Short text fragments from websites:
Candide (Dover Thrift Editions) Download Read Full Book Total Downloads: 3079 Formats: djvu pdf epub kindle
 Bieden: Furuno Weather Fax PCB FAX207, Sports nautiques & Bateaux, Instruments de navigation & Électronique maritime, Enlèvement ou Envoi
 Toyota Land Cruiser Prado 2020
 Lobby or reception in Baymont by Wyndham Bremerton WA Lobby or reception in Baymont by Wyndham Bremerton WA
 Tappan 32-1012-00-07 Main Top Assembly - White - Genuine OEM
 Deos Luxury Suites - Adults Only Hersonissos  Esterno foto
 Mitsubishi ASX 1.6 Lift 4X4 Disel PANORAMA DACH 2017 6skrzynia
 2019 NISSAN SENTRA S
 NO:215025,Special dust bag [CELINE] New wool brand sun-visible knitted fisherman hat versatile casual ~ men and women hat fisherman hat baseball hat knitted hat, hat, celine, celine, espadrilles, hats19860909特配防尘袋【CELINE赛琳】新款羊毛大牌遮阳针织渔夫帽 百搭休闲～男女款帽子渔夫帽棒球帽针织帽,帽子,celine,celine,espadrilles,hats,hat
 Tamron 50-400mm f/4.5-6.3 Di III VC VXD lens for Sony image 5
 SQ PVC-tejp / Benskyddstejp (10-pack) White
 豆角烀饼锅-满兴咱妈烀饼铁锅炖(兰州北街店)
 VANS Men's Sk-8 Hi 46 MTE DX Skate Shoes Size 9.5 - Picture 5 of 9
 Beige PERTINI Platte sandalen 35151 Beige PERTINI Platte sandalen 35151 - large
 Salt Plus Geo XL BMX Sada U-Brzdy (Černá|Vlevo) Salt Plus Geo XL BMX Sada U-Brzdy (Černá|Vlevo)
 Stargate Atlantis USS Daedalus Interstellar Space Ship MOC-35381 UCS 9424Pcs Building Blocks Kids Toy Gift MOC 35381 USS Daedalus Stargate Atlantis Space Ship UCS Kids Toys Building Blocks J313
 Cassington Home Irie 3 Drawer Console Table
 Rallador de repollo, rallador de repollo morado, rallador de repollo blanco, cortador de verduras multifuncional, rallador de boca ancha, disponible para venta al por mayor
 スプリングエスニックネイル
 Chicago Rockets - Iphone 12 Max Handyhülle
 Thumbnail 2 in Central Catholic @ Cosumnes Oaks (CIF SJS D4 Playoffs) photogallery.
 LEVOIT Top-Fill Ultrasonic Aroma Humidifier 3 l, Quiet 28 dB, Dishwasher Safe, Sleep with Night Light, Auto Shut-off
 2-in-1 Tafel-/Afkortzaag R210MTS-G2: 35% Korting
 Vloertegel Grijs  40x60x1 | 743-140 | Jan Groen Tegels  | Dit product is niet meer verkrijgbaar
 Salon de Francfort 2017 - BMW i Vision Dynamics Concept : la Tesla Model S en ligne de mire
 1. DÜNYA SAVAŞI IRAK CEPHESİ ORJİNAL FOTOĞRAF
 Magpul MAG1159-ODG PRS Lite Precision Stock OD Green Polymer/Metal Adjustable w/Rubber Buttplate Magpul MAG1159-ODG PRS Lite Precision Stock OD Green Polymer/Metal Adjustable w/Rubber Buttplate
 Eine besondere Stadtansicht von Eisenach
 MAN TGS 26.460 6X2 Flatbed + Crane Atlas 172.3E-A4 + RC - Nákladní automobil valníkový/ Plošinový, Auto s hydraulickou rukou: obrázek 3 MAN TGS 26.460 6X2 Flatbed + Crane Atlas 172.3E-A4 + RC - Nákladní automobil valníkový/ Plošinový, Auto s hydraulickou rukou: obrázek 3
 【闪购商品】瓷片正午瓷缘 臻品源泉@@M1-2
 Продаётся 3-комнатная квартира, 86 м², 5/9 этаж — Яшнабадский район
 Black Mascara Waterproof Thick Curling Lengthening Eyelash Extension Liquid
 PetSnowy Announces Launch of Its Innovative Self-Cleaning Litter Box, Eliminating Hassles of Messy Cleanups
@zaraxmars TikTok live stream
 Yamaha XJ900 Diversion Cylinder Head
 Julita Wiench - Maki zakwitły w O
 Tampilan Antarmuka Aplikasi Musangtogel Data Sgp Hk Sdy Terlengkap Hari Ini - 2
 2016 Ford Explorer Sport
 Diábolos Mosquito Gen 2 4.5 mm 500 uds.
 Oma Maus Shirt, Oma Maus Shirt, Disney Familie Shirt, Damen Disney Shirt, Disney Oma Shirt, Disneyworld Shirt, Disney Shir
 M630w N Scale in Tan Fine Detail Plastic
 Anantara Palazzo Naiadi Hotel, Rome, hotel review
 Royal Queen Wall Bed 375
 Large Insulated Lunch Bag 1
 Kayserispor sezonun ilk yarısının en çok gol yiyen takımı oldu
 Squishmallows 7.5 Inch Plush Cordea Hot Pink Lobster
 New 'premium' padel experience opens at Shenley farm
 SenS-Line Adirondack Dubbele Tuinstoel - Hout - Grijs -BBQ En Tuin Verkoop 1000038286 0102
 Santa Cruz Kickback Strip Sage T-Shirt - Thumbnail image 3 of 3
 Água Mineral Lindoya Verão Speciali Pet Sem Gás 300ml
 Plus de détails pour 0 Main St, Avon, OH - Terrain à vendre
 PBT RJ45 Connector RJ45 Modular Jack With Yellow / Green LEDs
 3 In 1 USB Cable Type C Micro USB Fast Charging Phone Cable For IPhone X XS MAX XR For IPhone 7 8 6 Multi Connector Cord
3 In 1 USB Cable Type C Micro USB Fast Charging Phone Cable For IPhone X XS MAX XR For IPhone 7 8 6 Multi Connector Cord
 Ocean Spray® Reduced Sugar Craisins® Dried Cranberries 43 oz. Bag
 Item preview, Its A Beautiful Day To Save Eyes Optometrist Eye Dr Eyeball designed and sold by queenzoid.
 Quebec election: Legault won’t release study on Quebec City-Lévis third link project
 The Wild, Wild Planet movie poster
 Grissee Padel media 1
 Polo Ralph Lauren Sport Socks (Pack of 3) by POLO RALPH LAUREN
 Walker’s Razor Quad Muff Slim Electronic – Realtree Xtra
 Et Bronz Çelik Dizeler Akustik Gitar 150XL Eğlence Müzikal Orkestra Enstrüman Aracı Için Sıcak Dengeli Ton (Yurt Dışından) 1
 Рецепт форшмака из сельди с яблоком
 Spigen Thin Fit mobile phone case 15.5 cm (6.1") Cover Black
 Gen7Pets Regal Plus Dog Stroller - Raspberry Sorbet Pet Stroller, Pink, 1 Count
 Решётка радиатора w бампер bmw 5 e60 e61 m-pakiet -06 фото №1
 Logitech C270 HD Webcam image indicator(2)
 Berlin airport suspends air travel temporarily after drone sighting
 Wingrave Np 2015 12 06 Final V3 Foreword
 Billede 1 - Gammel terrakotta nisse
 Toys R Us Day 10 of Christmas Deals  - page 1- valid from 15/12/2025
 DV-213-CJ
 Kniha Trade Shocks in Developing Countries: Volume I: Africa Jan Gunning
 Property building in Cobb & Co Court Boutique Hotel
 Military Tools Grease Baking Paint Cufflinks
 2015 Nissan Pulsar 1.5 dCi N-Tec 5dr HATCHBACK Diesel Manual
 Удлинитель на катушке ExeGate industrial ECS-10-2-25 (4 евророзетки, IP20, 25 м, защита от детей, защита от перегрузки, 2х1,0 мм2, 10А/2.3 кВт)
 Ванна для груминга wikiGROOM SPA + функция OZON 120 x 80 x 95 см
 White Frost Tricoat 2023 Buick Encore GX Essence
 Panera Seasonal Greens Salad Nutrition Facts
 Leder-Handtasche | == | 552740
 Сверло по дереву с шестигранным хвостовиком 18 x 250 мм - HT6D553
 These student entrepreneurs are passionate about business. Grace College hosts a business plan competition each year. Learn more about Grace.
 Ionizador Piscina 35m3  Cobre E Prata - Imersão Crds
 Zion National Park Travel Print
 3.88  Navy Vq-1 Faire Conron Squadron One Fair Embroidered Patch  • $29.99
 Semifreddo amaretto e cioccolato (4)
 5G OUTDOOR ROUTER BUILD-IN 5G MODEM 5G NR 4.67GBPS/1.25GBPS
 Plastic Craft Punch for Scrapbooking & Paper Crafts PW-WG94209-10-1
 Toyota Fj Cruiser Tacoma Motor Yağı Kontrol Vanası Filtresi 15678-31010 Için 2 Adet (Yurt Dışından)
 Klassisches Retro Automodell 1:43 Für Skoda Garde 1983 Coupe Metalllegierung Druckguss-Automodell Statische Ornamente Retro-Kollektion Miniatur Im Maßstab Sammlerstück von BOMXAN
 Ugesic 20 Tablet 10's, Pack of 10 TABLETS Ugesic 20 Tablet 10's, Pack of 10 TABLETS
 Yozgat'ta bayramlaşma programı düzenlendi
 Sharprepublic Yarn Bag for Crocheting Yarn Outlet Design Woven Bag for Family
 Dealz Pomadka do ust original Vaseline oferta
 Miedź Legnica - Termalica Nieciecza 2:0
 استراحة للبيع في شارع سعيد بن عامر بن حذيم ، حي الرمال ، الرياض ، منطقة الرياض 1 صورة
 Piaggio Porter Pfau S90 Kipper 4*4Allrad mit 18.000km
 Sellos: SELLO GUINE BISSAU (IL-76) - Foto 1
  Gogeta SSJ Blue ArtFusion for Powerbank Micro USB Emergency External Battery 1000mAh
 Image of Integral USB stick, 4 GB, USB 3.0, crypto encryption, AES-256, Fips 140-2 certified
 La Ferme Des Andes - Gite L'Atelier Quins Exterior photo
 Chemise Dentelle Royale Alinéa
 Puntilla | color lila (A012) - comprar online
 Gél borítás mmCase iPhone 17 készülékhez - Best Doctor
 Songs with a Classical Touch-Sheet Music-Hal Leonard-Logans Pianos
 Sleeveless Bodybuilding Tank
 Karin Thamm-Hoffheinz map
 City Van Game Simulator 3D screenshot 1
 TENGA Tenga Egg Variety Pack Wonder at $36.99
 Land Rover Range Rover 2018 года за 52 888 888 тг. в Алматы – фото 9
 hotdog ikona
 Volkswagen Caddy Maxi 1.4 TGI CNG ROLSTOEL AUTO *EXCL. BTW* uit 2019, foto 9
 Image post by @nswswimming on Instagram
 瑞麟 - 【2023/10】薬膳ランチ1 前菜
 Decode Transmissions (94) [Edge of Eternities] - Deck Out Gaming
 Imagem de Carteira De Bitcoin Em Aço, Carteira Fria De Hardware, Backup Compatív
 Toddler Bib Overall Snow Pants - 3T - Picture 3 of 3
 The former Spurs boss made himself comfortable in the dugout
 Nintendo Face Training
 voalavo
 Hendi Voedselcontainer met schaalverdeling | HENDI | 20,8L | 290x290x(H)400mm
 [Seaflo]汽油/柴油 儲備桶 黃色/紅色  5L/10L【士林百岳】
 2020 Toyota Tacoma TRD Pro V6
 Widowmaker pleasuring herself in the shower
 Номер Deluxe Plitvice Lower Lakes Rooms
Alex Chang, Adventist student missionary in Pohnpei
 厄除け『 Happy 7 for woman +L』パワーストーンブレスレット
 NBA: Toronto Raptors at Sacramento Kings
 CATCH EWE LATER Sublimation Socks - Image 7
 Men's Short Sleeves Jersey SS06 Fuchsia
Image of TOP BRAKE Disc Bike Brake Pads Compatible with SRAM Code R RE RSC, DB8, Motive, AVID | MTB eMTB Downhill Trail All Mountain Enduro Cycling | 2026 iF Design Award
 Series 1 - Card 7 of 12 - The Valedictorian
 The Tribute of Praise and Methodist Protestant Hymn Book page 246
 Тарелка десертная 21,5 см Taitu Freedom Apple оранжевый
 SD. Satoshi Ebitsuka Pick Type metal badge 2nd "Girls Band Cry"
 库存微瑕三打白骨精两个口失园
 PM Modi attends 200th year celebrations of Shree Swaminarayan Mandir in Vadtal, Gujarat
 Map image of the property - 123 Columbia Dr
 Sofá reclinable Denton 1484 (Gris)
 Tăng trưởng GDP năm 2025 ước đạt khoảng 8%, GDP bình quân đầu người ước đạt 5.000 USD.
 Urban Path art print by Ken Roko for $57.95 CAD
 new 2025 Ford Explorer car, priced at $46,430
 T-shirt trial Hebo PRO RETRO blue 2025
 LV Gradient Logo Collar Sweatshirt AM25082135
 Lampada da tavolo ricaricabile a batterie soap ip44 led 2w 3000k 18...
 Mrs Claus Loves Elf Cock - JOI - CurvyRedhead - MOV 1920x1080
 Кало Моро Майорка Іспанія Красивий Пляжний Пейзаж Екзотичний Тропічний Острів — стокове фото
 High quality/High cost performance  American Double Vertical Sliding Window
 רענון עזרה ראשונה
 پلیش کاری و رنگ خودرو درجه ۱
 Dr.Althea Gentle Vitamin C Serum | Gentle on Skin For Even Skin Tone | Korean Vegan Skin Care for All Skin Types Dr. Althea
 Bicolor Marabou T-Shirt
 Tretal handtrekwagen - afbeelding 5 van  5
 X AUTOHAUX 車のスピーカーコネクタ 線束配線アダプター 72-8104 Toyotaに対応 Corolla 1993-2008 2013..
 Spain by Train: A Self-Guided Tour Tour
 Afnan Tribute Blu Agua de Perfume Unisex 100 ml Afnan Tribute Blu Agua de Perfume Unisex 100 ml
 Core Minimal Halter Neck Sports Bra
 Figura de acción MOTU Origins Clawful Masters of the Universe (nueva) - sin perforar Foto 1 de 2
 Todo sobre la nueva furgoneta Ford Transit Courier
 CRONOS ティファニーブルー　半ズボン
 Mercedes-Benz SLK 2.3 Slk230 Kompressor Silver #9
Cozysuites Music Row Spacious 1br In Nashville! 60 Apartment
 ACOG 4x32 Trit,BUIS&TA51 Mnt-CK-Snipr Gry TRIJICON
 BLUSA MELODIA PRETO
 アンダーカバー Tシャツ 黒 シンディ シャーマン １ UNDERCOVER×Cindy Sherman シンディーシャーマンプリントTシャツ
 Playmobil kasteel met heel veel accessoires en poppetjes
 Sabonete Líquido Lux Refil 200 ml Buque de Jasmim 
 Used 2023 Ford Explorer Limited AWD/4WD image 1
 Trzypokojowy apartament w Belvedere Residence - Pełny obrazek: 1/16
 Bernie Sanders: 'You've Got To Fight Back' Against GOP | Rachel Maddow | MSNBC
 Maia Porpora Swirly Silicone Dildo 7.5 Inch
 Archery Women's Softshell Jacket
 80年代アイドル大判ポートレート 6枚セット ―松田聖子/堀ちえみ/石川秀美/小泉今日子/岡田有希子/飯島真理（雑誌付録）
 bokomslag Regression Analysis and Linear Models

About this task:
Report all lines of the data above that include the string "Cable".

Solution:
 3 In 1 USB Cable Type C Micro USB Fast Charging Phone Cable For IPhone X XS MAX XR For IPhone 7 8 6 Multi Connector Cord
3 In 1 USB Cable Type C Micro USB Fast Charging Phone Cable For IPhone X XS MAX XR For IPhone 7 8 6 Multi Connector Cord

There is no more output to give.